Financing for Small Businesses
Sourcing adequate finance can be the difference between failure and successful growth for small businesses. The good news is that access to finance is not a major issue for most SMEs.
Accessing financing not a challenge for most
A report by DBM Financial Services Monitors and commissioned by the Australian Bankers’ Association and the Council of Small Business of Australia has found that only 6.6% of SMEs in Australia were worried about accessing finance. However, small businesses in certain industries found it harder to access finance than others.
Around 16% of mining SMEs and 11% of SMEs in telecommunications found accessing financing a major issue. In manufacturing the figure was 9%. Small businesses worried about finance were concerned about not being able to take advantage of new opportunities.
Most small businesses make use of bank financing, with 49% using lending products other than credit cards and 71% using lending products including credit cards.
Steps involved in SME financing
Small business owners who have not yet made use of bank financing might find the process intimidating. Here are the basic application and approval steps:
- Consult an advisor: Some SMEs find consulting a financial advisor before approaching lenders helps with identifying the right loan. The advisor can guide the borrower through different categories of loans and assist with the type of loan(s) that match the SME’s requirements. The advisor might be able to put the borrower in touch with specific lenders with suitable products.
- Apply: The next step is to put the application together. Small businesses that use an advisor can have their advisor prepare their application on their behalf. The types of documents required for this process include the business’ accounts and finance statements and its business history. A business plan, personal financial statements for the owners, and other financial documents may also be required.
- Assessment: The lender will take some time to review, verify, and make a decision on the application. They will check the owner’s credit file and review the financial history of the business.
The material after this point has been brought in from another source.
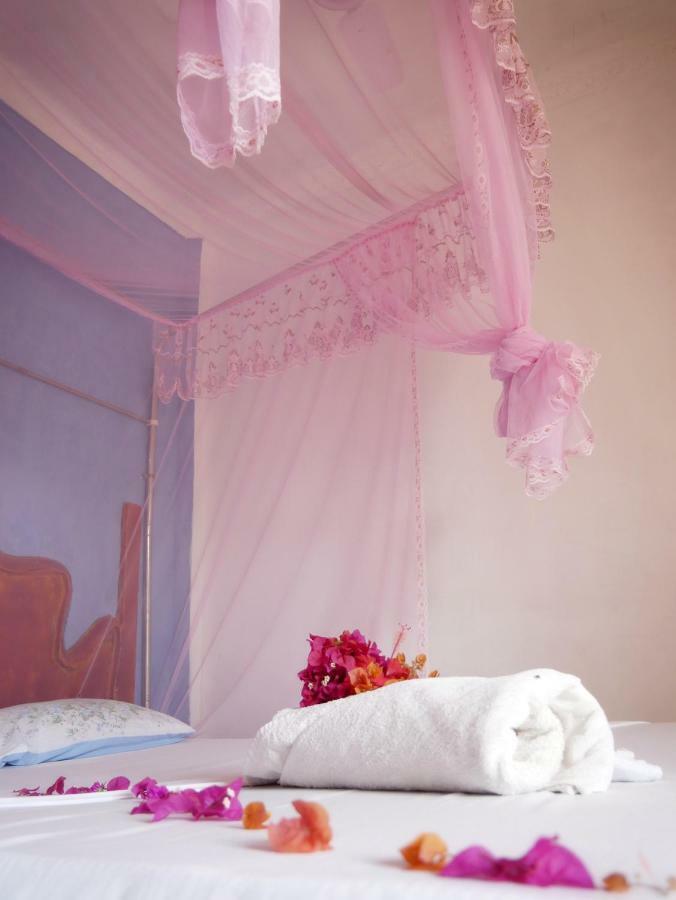 Lounge 3* Paje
- Decision: The lender will make a decision on the application. If the application is approved, the lender and the SME will enter into a contract for the loan and the loan amount disbursed to the SME. Approval periods will vary depending on the lender, the borrower, and the type of loan. For some loans it may only take a few days to be approved, other loans might require months for a decision.
Issues to keep in mind
Most business loans are secured, which means the SME secures their loan with collateral such as real property. As a general rule, the more valuable the collateral, the more the business can access in financing. Small businesses can access different types of loans, including start-up financing, debtor/inventory financing, equipment financing, and trade financing. The loan period will vary depending on the financing option, and the loan could be as short as a few months to 15 years or more.